I am willing to continue having this condition. I look forward to continue having this condition. (The turn-around of number 6 on The Work worksheet.) It has brought a lot of beauty and vulnerability to my life. I have had to ask for help and learn how to receive support. I have shared some vulnerable things that I needed to say for a long time to some family members and friends. I have learned to be tender with myself and accept my limitations. I have expanded my capacity to stay in the present moment and to enjoy every little thing to the fullest. A cup of tea is just orgasmic! The beauty of the constant itching sensation is a constant reminder to meditate, every moment has become an invitation to take some deep breaths and look within.

But I also found a deeper reservoir of strength and determination within. Some nights I just said: Fuck it! I refuse to let myself be controlled by this condition! I am going dancing with my sweetie tonight! I would squeeze my swollen, oozing feet into my high heel red boots, take a double dose of painkillers, drink an energy drink, smoke a joint and for two glorious hours dance the night away with my sweetie at the Crazy Horse Salon in my rocking home town Nevada City! I gave it my all until I couldn’t anymore and then Hubert would drive me home fast to put my feet in an ice bucket and take more pain killers! The next day my feet would be worse-but it was worth it!

After my “disgusting surrender” I was truly at peace with my condition, it could stay or go; either was welcome. (I call it disgusting surrender cause the whole rash/boil thing was so unattractive, ugly, stinky and gross.) As life would have it; once I was fine with it, I did find an Acupuncturist and Chinese Herbalist that actually cured me. My wonderful witch gave me really weird herbs and dried little snakes (!) to make tea out of and that, together with a super cleansing diet and acupuncture slowly, slowly helped my body to come into balance. We think my body may have been cleaning out a build-up of my HIV meds. I don’t know if that’s true, seems like it could be.

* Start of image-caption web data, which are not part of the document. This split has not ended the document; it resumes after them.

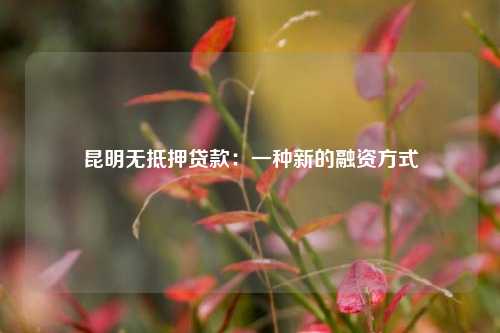 昆明无抵押贷款：一种新的融资方式 昆明无抵押贷款 昆明私借  第1张
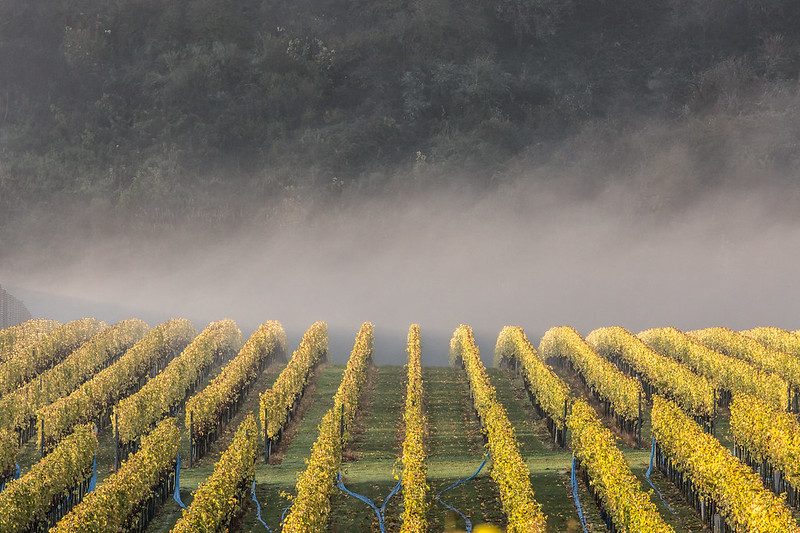 Vines and fog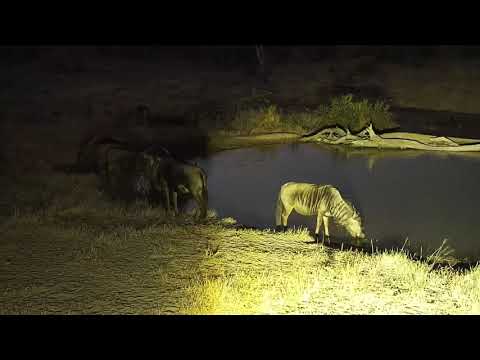 Djuma: Wildebeests drinking at the pan - 17:53 - 07/06/19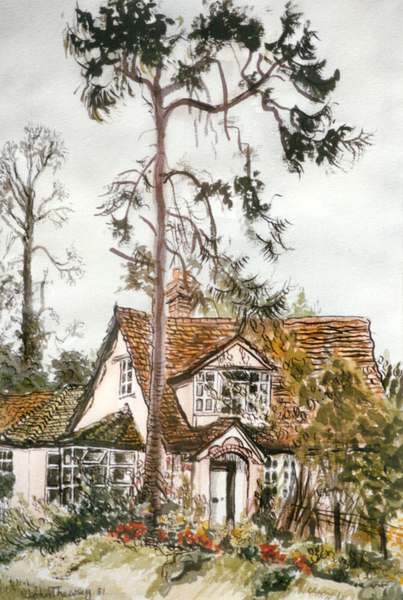 Cottage with Fir Tree from Joan  Thewsey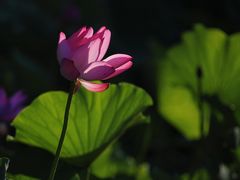 -陶然亭公园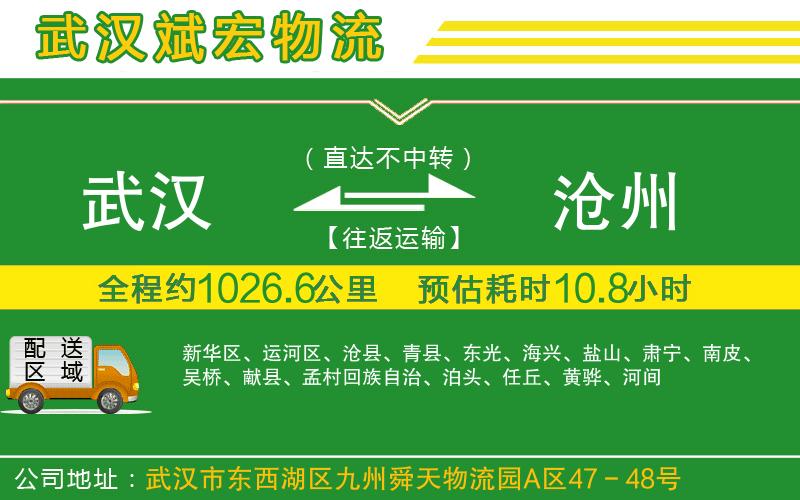 武漢到滄州物流公司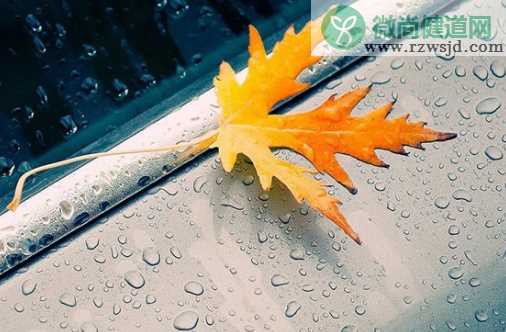 关于秋雨的心情说说句子 秋雨带字唯美图片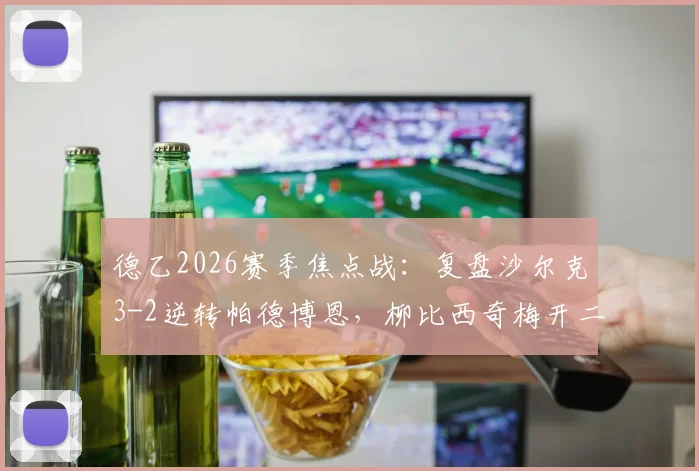 德乙2026赛季焦点战：复盘沙尔克3-2逆转帕德博恩，柳比西奇梅开二度背后战术解析与球队冲甲前景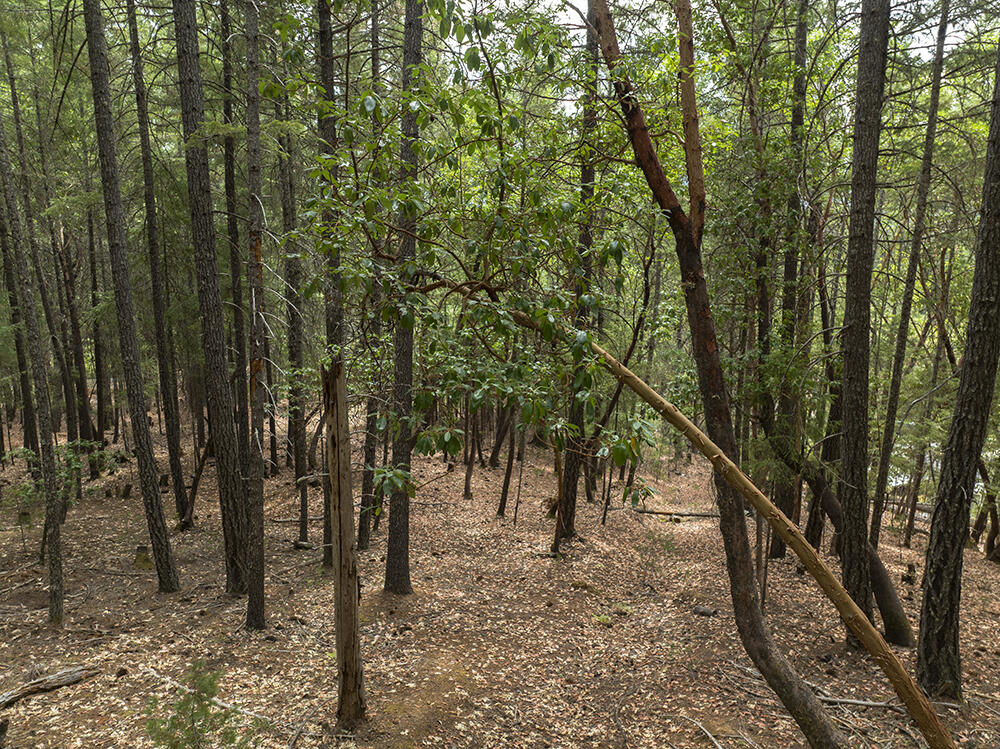 Thornbrook Subdivision - Land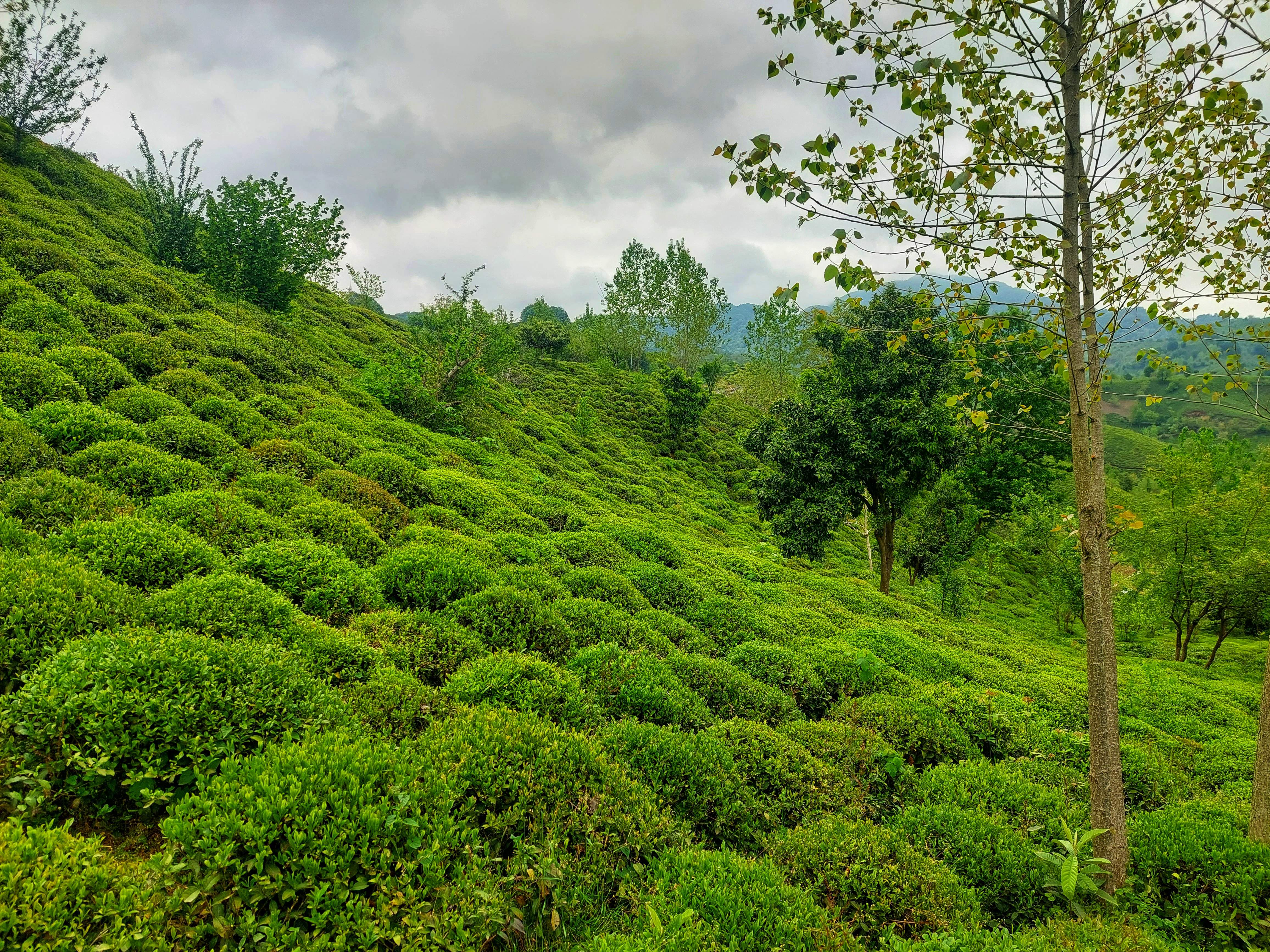 Breaking into the UK Tea Market: The Untapped Potential of Iranian Tea for Wholesale Success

What I do know to be true is that this condition came in as a deepening spiritual teaching in my life. I learned so much and it gave me an opportunity to literally put my feet up and forced me to meditate a LOT as it was the only way to not go completely crazy. It opened me to even deeper levels of compassion and understanding for my all my clients with chronic and painful conditions. I thought this condition was wearing me out and came to realize that the only thing that gets worn down when you are sick is ego. Your identity of who you believe you are gets worn down, so a new fresh you can sprout!

I learned that surrender is easy when you sit at the feet of some spiritual guru in some beautiful ashram, in the arms of the love of your life or during a Yoga class when you are completely healthy. Real surrender happens when you soften up, open your heart and mind, to that which you believe you really don’t want. And as you open to it, who knows what shifts and blessings might occur.